The Australia Centre for Leadership for Women (CLW) has been running a Pay Equity Campaign (http://www.leadershipforwomen.com.au/Pay%20Equity%20Campaign.htm) since June 2010 which has received a high level of endorsement from national women’s and public service associations. In line with the recommendations of the Making it Fair Report released in November 2009 by the House of Representatives Standing Committee on Employment and Workplace Relations, women want to know who will demonstrate leadership in implementing and monitoring pay equity strategies across industries as well as within occupations in Australia?
The Make it Fair Report recommends proposed amendments to the Fair Work Act 2009, greater powers for the Sex Discrimination Commissioner to act on wage discrimination and the establishment of a specialist Pay Equity Unit within Fair Work Australia with a broad mandate for change.
There are a host of significant reasons that justify pay equity for women including:
- That increasing women’s participation in the workforce will lead to increases in productivity for the nation
- This will sustain the tax base of an ageing population.
- This will cease historical disadvantages in remuneration levels between women and men.
- This will cease direct and indirect discrimination against women linked to legal, social, industrial and economic factors.
- This will ensure equitable access to leave and training and promotion opportunities will be available to women who have taken maternity leave and/or returned to work part time and/or sought flexible work hours.

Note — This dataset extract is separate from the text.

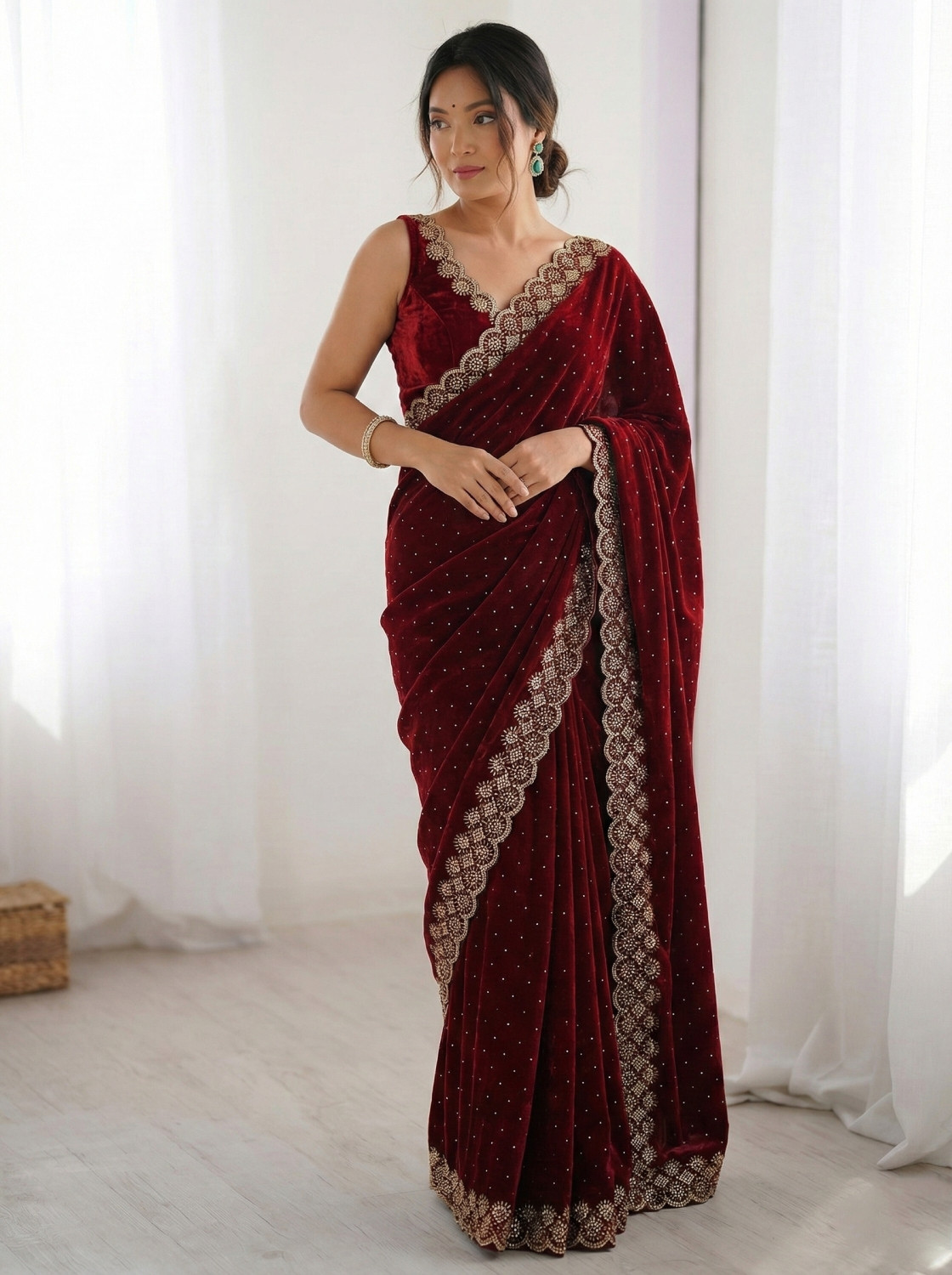 Image of Tasrika Embellished, Embroidered Bollywood Silk Blend Saree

- This will ensure that structural arrangements in the negotiation of wages will cease to impact disproportionately on women.
- This will ensure that the system will facilitate fairer outcomes to value women and their work, traditional or non-traditional, paid or unpaid.
- It will ensure women’s economic security and independence.
Most importantly, whoever forms the next government must ensure that Pay equity as the right to equal pay for work of equal value is respected unconditionally and unequivocally in Australia. This will be of international significance given that according to the International Labor Organisation’s 2008/09 Report (Gender Equality at the Heart of Decent Work), the pay gap between genders is still high and closing very slowly.